Requirement:
Once you find the line with "Mehendi Green Embroidered" in the data that follows, repeat it and every line after it exactly, through the line with "Id de llamador, Marcado".

Available data:
::::

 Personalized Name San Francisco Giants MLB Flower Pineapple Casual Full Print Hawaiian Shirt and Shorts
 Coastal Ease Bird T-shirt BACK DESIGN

::::

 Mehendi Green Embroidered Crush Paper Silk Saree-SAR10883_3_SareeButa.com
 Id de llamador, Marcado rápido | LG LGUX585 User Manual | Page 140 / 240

::::

Response:
 Mehendi Green Embroidered Crush Paper Silk Saree-SAR10883_3_SareeButa.com
 Id de llamador, Marcado rápido | LG LGUX585 User Manual | Page 140 / 240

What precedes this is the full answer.